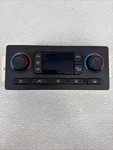 05-07 Chevy Gmc Envoy Trailblazer Climate Heater Control A/c Oem 10367041. Fixed Price $69.99.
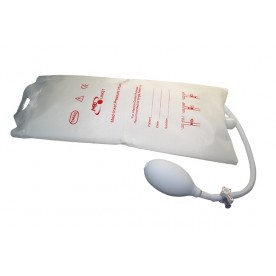 Manchette a pression 500ml (24)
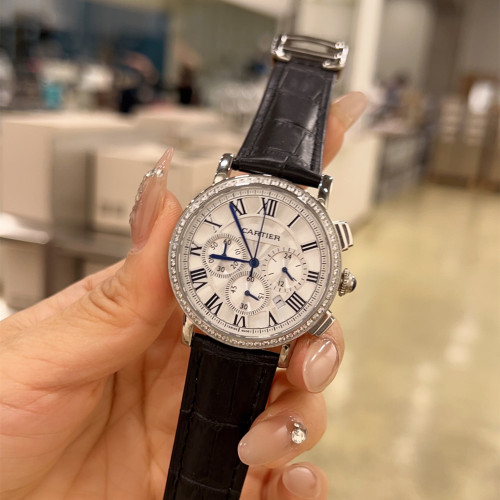 Cartier Watch138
☆ ☆ ☆ ☆ ☆
Exercise brief ▸
Please set the data above down exactly, with the pictures removed.

Response ▸
 05-07 Chevy Gmc Envoy Trailblazer Climate Heater Control A/c Oem 10367041. Fixed Price $69.99.
 Manchette a pression 500ml (24)
 Cartier Watch138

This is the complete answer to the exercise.